*Data excerpt*
# # # #

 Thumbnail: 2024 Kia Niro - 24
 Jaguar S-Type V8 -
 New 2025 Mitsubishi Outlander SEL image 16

# # # #

Copy each line exactly, from the line containing "Jaguar S-Type V8" down to the last line of the material, and no other lines.

 Jaguar S-Type V8 -
 New 2025 Mitsubishi Outlander SEL image 16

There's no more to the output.